## [INSTRUCTIONS TO FOLLOW]
Take the entries below and print, exactly, the stretch from the line containing "Immunohistochemistry of paraffin-embedded Human gastric" through the line containing "Dépistage et symptômes de l’ulcère cornéen", both included.

____

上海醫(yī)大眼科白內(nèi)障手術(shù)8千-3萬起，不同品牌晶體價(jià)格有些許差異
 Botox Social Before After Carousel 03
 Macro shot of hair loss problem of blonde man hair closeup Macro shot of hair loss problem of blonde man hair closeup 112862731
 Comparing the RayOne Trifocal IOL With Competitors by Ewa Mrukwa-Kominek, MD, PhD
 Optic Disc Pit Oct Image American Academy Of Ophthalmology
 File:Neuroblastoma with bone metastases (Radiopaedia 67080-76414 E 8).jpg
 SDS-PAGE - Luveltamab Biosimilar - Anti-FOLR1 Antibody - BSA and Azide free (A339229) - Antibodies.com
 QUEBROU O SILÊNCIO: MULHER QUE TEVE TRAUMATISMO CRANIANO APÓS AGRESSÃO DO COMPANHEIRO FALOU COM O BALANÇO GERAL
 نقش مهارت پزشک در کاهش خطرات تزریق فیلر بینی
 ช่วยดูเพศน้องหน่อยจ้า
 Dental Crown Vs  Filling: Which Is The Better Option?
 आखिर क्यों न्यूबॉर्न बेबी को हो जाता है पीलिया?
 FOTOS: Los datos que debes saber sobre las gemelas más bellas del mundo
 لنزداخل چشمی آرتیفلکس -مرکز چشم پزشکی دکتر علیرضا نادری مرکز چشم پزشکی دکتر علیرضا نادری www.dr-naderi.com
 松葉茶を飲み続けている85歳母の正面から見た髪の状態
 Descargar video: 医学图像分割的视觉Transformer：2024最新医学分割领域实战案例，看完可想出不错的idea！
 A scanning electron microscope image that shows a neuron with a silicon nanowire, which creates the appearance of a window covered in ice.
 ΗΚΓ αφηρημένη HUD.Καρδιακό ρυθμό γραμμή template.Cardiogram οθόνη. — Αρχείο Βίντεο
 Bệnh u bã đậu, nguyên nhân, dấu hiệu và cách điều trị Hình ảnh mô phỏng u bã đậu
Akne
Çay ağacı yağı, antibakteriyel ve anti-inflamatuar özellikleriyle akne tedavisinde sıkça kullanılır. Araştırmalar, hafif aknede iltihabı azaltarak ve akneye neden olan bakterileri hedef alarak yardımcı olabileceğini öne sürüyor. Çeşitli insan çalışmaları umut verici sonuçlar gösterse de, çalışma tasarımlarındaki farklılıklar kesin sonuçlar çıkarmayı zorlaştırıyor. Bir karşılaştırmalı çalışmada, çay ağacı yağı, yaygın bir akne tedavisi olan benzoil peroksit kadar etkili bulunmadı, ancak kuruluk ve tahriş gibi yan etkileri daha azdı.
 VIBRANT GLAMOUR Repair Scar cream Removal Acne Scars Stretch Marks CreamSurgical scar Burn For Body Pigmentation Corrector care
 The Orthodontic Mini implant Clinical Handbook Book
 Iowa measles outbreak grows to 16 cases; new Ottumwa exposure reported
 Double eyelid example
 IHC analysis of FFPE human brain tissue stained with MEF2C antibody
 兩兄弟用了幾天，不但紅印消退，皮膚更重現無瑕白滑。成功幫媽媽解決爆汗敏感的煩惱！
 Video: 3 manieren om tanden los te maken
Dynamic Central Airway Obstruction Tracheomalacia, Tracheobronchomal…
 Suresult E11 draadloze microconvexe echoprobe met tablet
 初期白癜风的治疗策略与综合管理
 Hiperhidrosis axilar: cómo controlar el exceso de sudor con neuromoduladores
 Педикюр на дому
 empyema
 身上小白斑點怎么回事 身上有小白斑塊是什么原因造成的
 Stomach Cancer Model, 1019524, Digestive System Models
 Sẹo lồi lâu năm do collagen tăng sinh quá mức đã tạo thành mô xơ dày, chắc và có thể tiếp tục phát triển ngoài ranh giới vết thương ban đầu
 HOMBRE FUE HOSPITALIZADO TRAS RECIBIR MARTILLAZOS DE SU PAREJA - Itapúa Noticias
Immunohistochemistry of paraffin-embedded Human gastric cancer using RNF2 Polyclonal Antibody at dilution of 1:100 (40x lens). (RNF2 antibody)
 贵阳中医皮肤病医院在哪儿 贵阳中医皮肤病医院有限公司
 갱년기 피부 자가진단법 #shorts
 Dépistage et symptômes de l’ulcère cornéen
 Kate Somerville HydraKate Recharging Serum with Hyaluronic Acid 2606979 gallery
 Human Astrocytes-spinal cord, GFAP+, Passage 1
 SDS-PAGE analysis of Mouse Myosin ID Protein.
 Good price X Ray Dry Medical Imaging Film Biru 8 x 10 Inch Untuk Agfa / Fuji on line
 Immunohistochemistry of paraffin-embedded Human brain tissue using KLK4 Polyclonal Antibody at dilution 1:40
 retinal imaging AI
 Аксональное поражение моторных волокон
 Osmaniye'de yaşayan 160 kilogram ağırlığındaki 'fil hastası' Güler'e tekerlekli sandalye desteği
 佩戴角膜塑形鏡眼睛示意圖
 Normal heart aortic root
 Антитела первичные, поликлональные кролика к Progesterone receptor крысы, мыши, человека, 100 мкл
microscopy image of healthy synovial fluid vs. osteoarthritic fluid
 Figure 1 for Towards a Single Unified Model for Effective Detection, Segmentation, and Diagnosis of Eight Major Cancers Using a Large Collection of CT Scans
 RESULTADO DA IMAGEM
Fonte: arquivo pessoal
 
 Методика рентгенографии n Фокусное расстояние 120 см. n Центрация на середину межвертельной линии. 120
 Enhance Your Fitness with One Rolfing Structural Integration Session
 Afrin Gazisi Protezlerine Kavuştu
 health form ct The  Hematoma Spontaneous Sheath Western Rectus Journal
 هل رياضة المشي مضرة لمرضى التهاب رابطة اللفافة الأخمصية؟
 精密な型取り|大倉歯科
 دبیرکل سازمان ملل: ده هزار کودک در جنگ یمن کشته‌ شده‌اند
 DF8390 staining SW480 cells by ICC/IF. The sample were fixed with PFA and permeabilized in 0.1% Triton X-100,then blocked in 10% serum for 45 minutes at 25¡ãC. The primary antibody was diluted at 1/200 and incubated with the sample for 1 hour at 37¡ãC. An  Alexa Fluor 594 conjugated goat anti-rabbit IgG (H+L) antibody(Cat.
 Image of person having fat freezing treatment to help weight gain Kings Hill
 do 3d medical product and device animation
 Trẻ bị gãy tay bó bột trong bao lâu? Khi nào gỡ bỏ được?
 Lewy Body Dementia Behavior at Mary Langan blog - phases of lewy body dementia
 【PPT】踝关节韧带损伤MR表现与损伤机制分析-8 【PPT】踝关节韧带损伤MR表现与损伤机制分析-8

____

## [YOUR RESPONSE]
Immunohistochemistry of paraffin-embedded Human gastric cancer using RNF2 Polyclonal Antibody at dilution of 1:100 (40x lens). (RNF2 antibody)
 贵阳中医皮肤病医院在哪儿 贵阳中医皮肤病医院有限公司
 갱년기 피부 자가진단법 #shorts
 Dépistage et symptômes de l’ulcère cornéen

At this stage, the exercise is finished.